▶ ASSIGNMENT
Leaving the pictures aside, return the listing exactly as it appears.

▶ DATA PROVIDED
++++++++
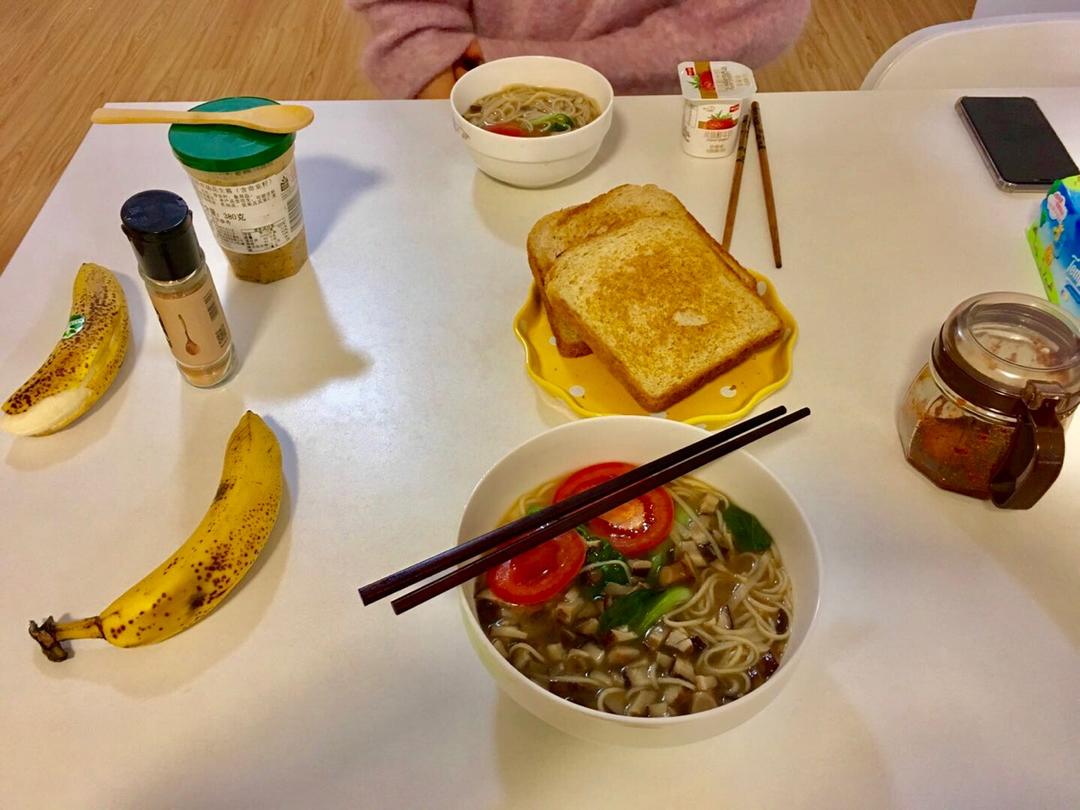 菌汤面条 看得见的香菇 尝得到的鲜美 这才是真正的菌汤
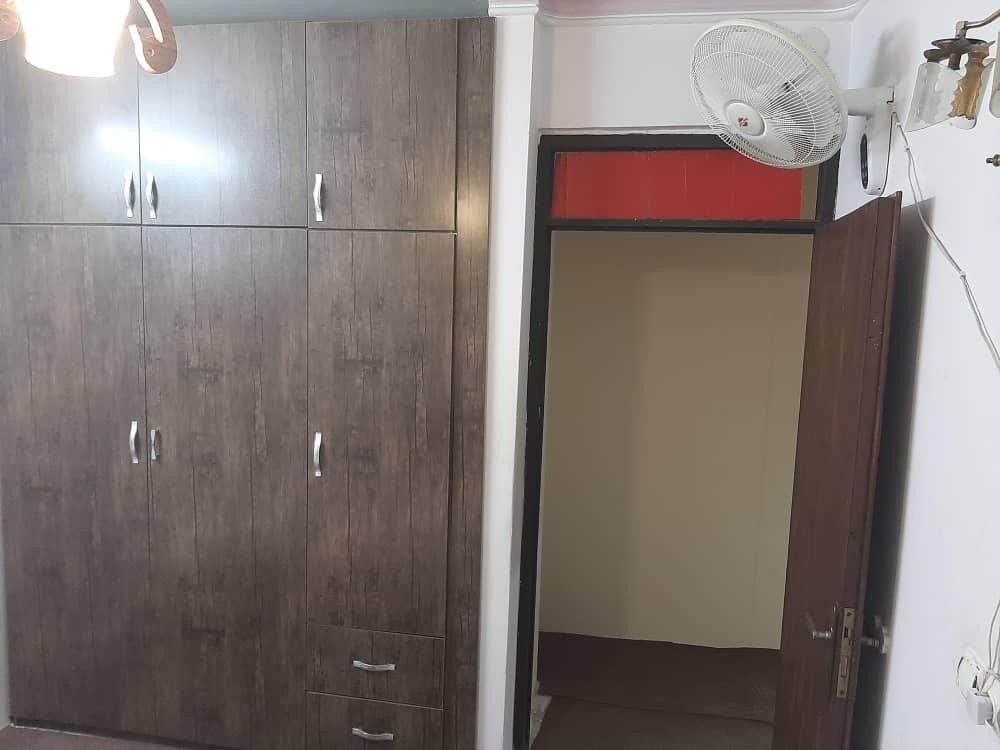 تک خواب سرگل در مرکز شهر رشت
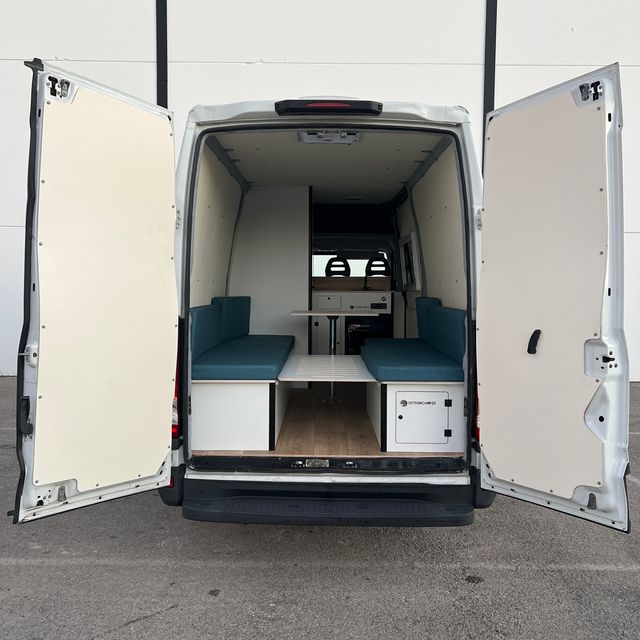 IVECO DAILY CAMPER A EXTRENAR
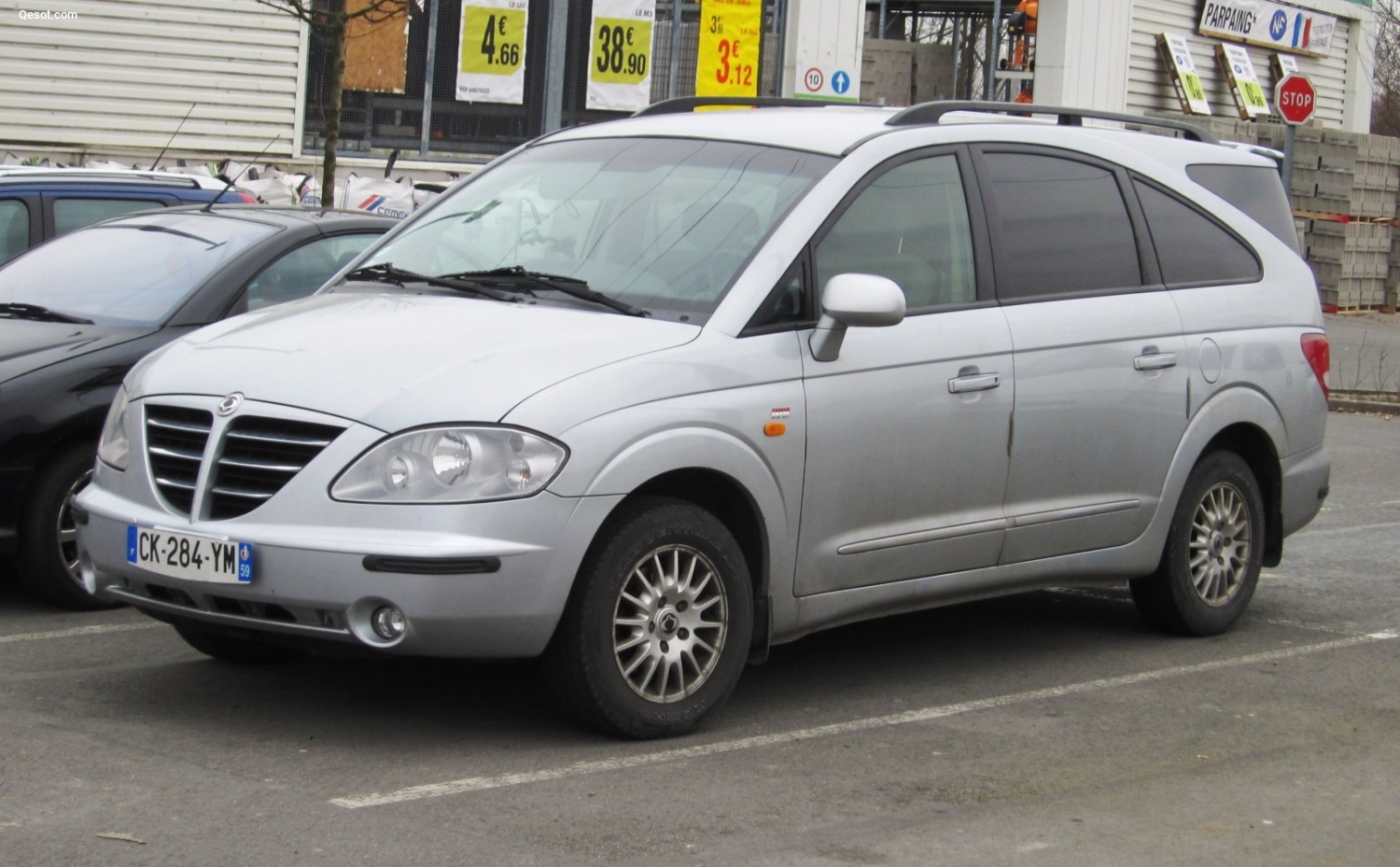 SsangYong Rodius 1 2004 2.7 i 20V (163 hk) SsangYong Rodius 1 2004 2.7 i 20V (163 hk)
++++++++
▶ ANSWER TO THIS EXERCISE
 菌汤面条 看得见的香菇 尝得到的鲜美 这才是真正的菌汤
 تک خواب سرگل در مرکز شهر رشت
 IVECO DAILY CAMPER A EXTRENAR
 SsangYong Rodius 1 2004 2.7 i 20V (163 hk) SsangYong Rodius 1 2004 2.7 i 20V (163 hk)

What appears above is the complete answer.